These seller incentives come in different varieties; reduction of
selling price, below market interest rate financing (rate buydown;
temporary or permanent), closing and escrow payment, agreement to fund
future mortgage payments and many others.
All this being said, this type of collusion (between the builder and
lender) in the wrong hands, can lead to excess. To ensure that the
in-house lender isn't excessively "padding" the interest rates, you
should comparison shop. If it is proven that the in-house lender is
offering a higher then current market note rate, you will need to do a
total cost analysis to determine which option is more financially and
mathametically sound.

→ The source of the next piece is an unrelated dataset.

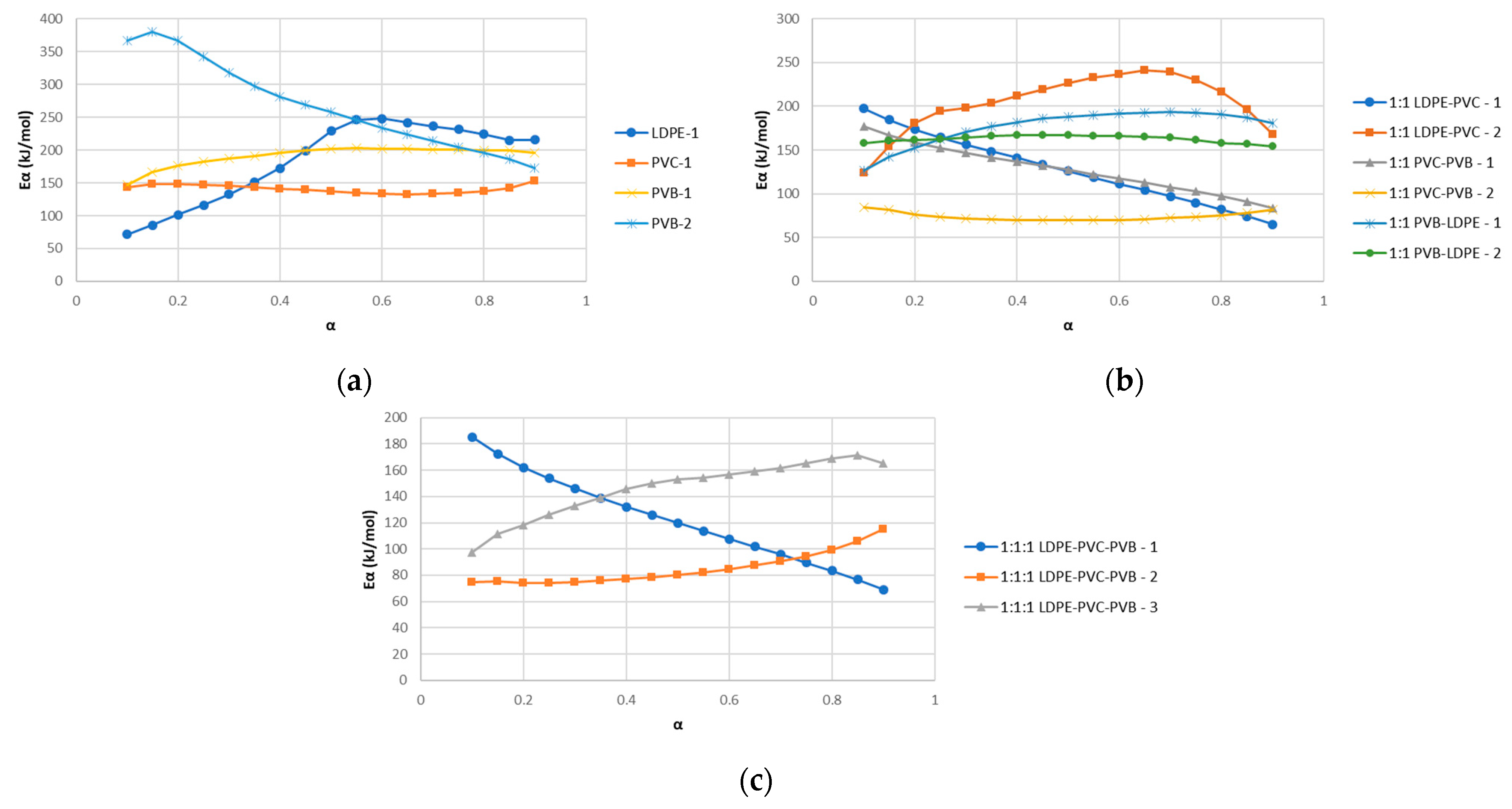 Energies 17 03458 g011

The math will tell you if it was structured in
the vain of "short term gain for long term pain" or with a "fair and
balanced" hand.
I will give you a simple example to illustrate my point. What is the
better deal; purchase a a home worth 100K for 100K at 6.5% offered by
your local bank or purchase a home worth 100K for 90K at 7.5% offered
by the builder's in-house lender? This is how they stack up:
Purchase for 90K @ 7.5% yields a principal and interest payment of
629.00 per month. After 30 years of fixed payments on the original 90K
in principal, you would have paid 226,546 in total payments and 136,546
in mortgage interest.
Purchase for 100K @ 6.5% yields a principal and interest payment of
632.00 per month. After 30 years of fixed payments on the original
100K in principal, you would have paid 227,544 in total payments and
127,544 in mortgage interest. This approach yields a 9,001 net savings
over the life of the loan.
This is just a simple example of how a lower purchase price with lower
monthly payments actually costs you more in the end.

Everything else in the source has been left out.